Remember 20 Questions? It was one of those “keep the kids busy during long car rides” games that has faded into memory as children stare at movies on tablets or play games on phones to kill time.

I’ve revived 20 questions as part of my strategy as a volunteer in an English as a second language program that is based on a one-on-one conversation model. I started using it with my first conversation partner/student when I realized that she was prompting me to be the dominant speaker in our conversations and I was working hard to switch roles. As I was the person answering YES or NO in the game, she was forced to be verbose in comparison.

Inevitably, the end of a game of 20 questions would prompt a natural back & forth conversation about the object of the game—the mysterious person, place or thing. This is when I learned what she did and didn’t know about the history of her adopted country, and other topics that we could explore together.

I played a few round of 20 questions with my current conversation partner and it prompted an interesting discussion about what questions people ask of new acquaintances, and why they choose those questions. In many instances, it’s cultural.
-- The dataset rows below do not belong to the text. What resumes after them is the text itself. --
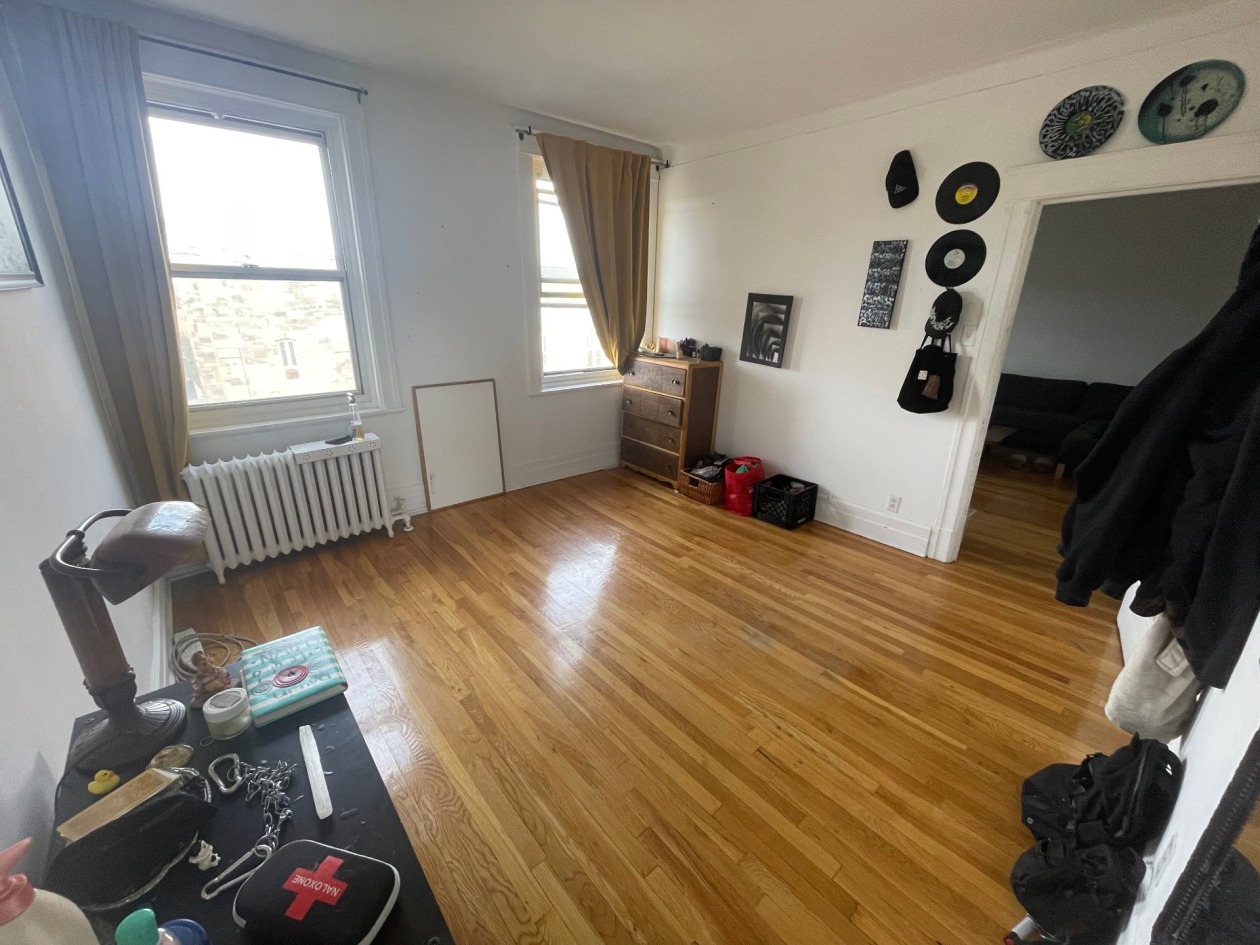 Salon — 2090, Av. Northcliffe, 17, Montréal (Côte-des-Neiges/Notre-Dame-de-Grâce), H4A1T9, Montréal (Côte-des-Neiges/Notre-Dame-de-Grâce)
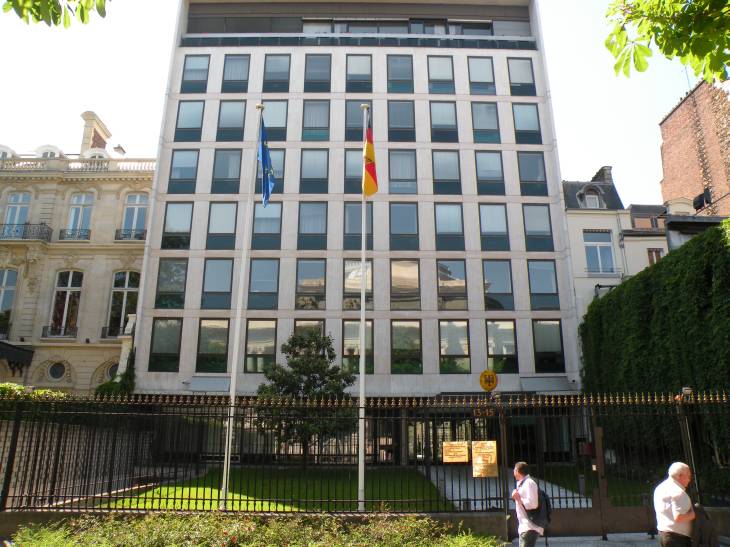  Botschaft der Bundesrepublik Deutschland (Ambassade d'Allemagne) :13-15, avenue Franklin Roosevelt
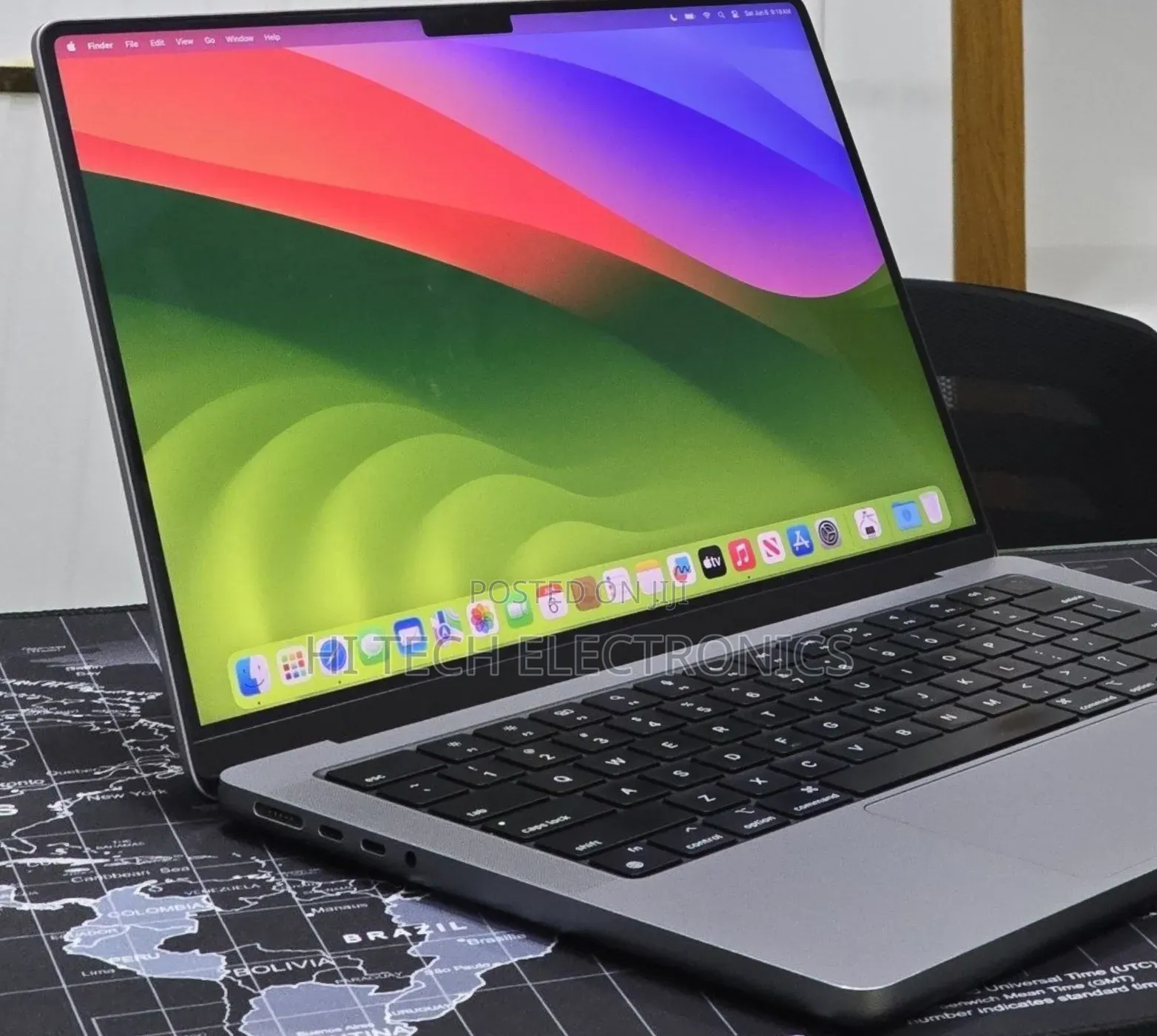 New Laptop Apple MacBook Air 2024 M3 8GB Intel Core M3 SSD 512GB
Is it OK in a particular social or business setting to ask a stranger about work? Sometimes it’s the logical first question, sometimes, it feels rude and intrusive. In social dance circles, it’s easy to dance with a relative stranger for years before learning that he’s a lawyer or a train conductor or a research scientist. One of the great pleasures is the “leveling” that occurs when you don’t know, don’t ask, and don’t even care what the other person does for a living.

In real estate obsessed NYC, my student (a real estate agent) locked on to “where do you live?” as the most popular question. I asked him why he thought it was a common first question and he said it was all about status. Where you live communicates a great deal to the other New Yorkers. Although I pointed out to him that we were in a city where people of disparate financial backgrounds can live in the same building, he’s right in the general sense of LOCATION and STATUS being connected. He then laughed and said that in Russia you ask what people they drive and that reveals, status too.

I think that the choice of question reveals as much about the questioner as it does about the person being queried. Good to know when writing detective fiction!

A spiral staircase in Amsterdam. Questions reveal as much about the inquisitor as about the queried.

A spiral staircase in Amsterdam. Questions reveal as much about the inquisitor as about the queried.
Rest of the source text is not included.